Michael Lee, in his poem ‘Pass On’, notes “when we die, we go everywhere / there is always a breath of wind somewhere” – there is much of this feeling in Blandiana’s eulogy to her departed mother.
This collection strips back to the heart and muscle the poet’s understanding of her country, raising a fist towards the boundaries between physical and metaphysical, while exploring an the silence and space between people and between moments in life. There is a melancholy to much of the poems, but there is still hope and patience in the collection.
Everything is too far away,
Or else too close […]
We all live in a world where boundaries and divisions have become so commonplace, we barely notice how many we clamber over on any given day.

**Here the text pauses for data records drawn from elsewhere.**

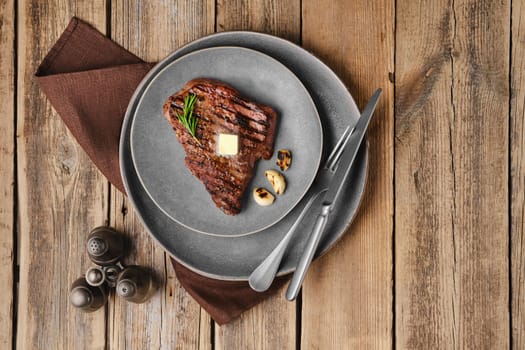 Overhead view of beef steak on a plate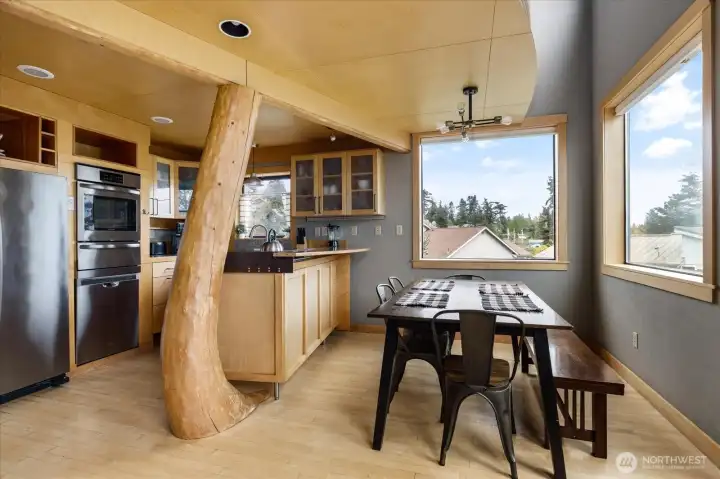 Sean Bell's use of salvaged Madrona Tree trunks is my favorite feature of the home.
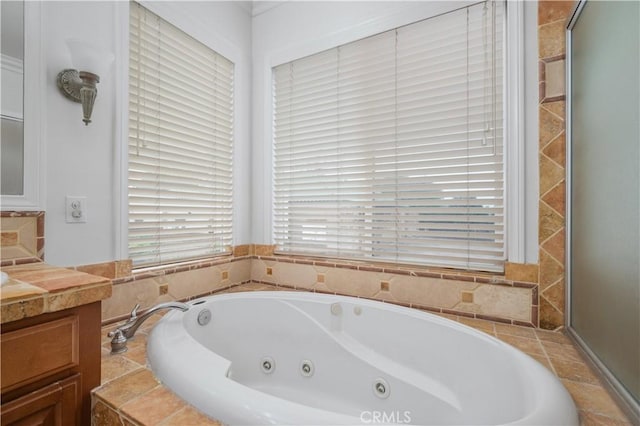 bathroom with a tub with jets and vanity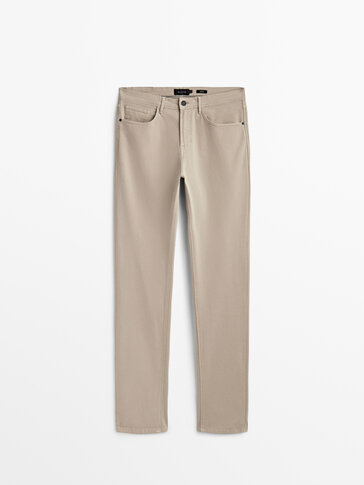 Tapered fit textured denim trousers
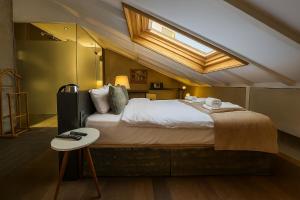 a bedroom with a large bed with a skylight at Aleksandr Pera Hotel in Istanbul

Yet, Blandiana can still demonstrate the poignancy of boundaries, the ineffectuality of enforced division, can still speak to the heart of what is sad about separation without the bombast and rhetoric too often used in this area.

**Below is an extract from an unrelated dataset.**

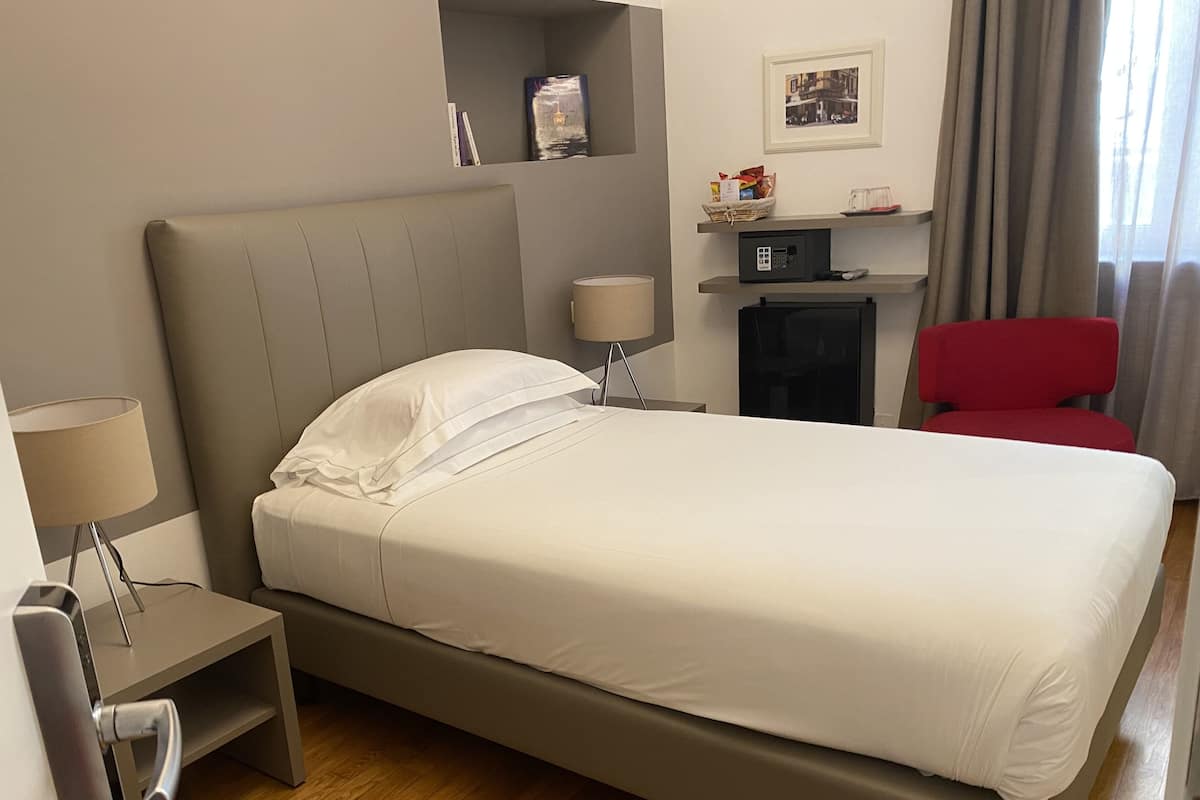 A modern hotel room with a large bed, a bedside table with a lamp, a red chair, and a fireplace.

She is soft-spoken, yet each carefully chosen word is loaded with meaning, connotation and to move even a fraction out of place would cause the whole elaborately beautiful display to fall apart before both author and audience. Adam Falkner notes that poets spend time writing towards the silences in their life, exploring those areas not normally looked into; Blandiana embraces this concept with this collection. In the concluding poem ‘Country of Unease’, she acknowledges that “This is a country of unease” and asks:
Will I manage some day
To decipher the traces that no-one else can see
But that I know are there, and waiting
For me to write them out […]
There is something incredibly calming about spaces in the world, and there is something concrete about how Blandiana explores the spaces she knows. Her eloquence evokes a clear understanding of her world, and this eloquence connects all those who read these poems, no matter their origins.